--- Exercise requirements ---
Everything from the line that has "Pancierové puzdro ShockProof" to the last line of the listing must be repeated exactly, and nothing more; omit the pictures.

[Record extracts — start]

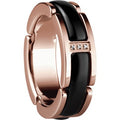 Bering Link Ring Size 9
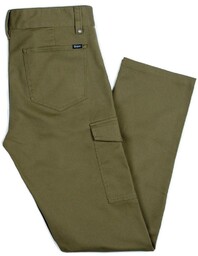 spodnie BRIXTON - Fleet Cargo Pant Olive (OLIVE)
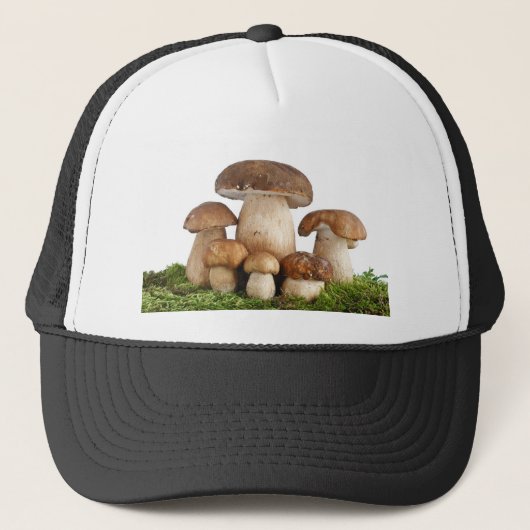 Casquette Champignons edulis de boletus (Devant)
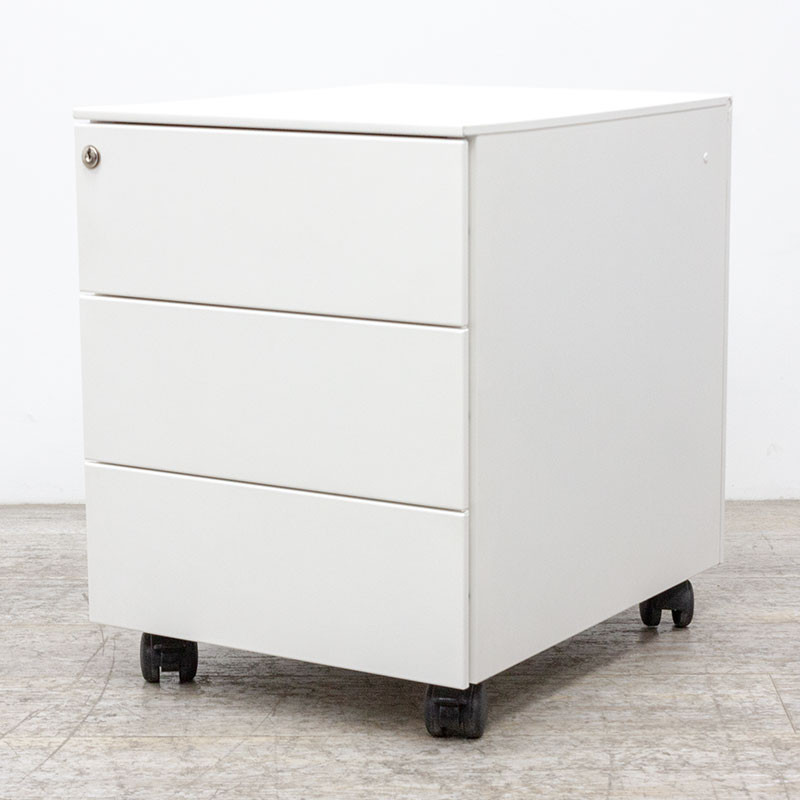 Caisson 3 tiroirs Blanc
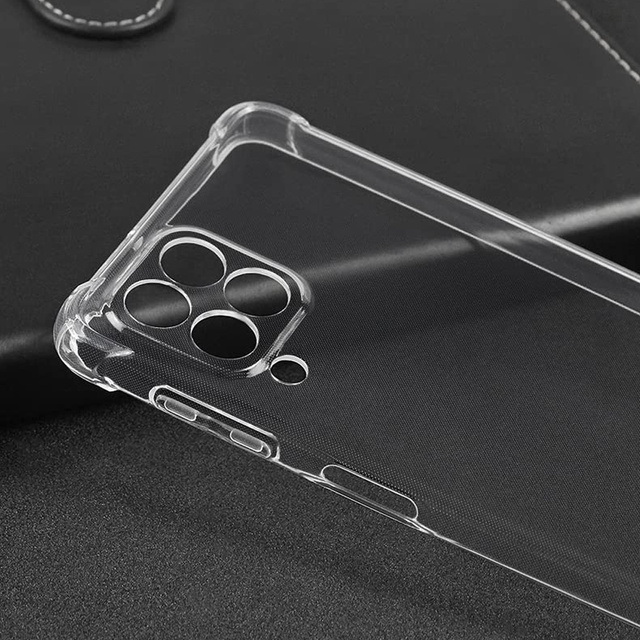 Pancierové puzdro ShockProof Alogy pre Samsung Galaxy M53 5G. Číre sklo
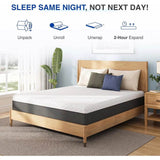 Soft 10-Inch Gel-Infused Memory Foam Mattress - Sleep Galleria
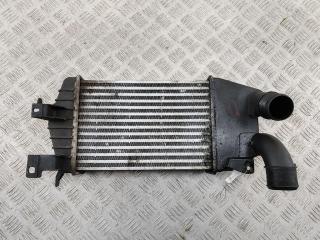 радиатор интеркулера Opel Astra H 2004, 1.7 л., дизель, МКПП, серый, универсал, 13240831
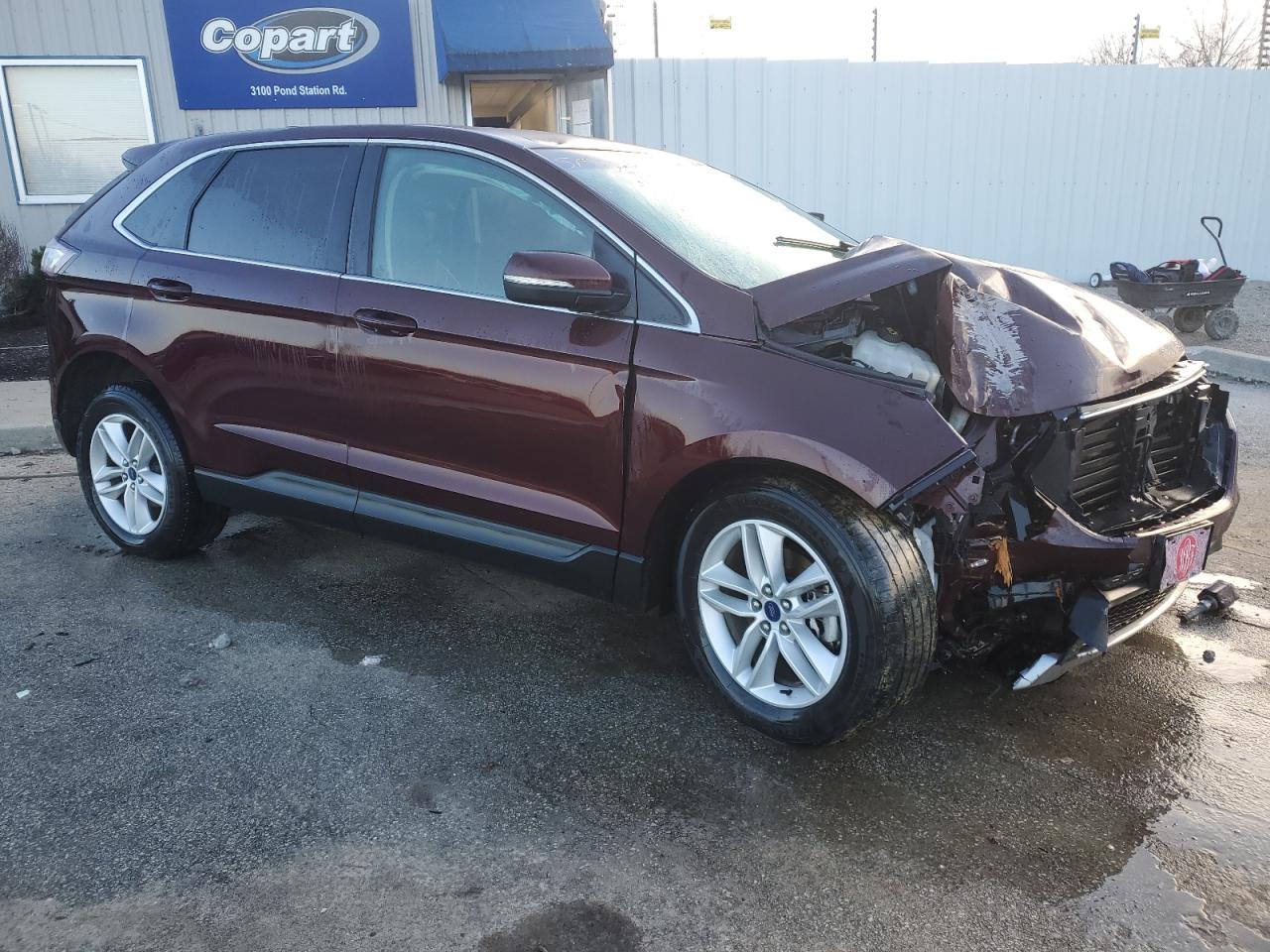 Photo 3 VIN: 2FMPK3J92HBC27672 - FORD EDGE 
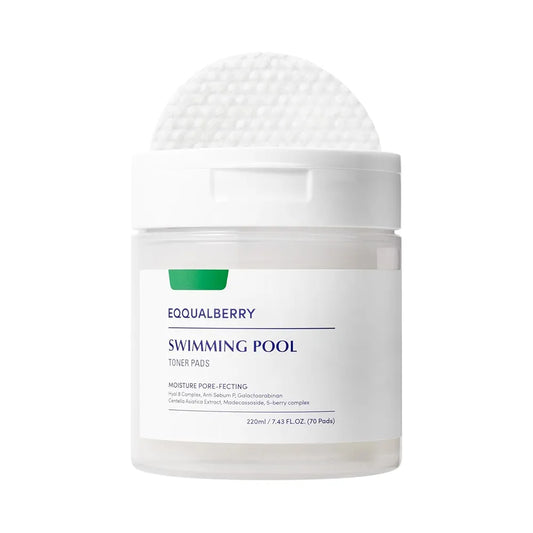 EQQUAl BERRY swimming pool Toner pads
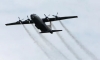 Самолет Ан-12 загорелся в новосибирском аэропорту "Толмачево" после вынужденной посадки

[Record extracts — finish]

--- Answer section ---
 Pancierové puzdro ShockProof Alogy pre Samsung Galaxy M53 5G. Číre sklo
 Soft 10-Inch Gel-Infused Memory Foam Mattress - Sleep Galleria
 радиатор интеркулера Opel Astra H 2004, 1.7 л., дизель, МКПП, серый, универсал, 13240831
 Photo 3 VIN: 2FMPK3J92HBC27672 - FORD EDGE 
 EQQUAl BERRY swimming pool Toner pads
 Самолет Ан-12 загорелся в новосибирском аэропорту "Толмачево" после вынужденной посадки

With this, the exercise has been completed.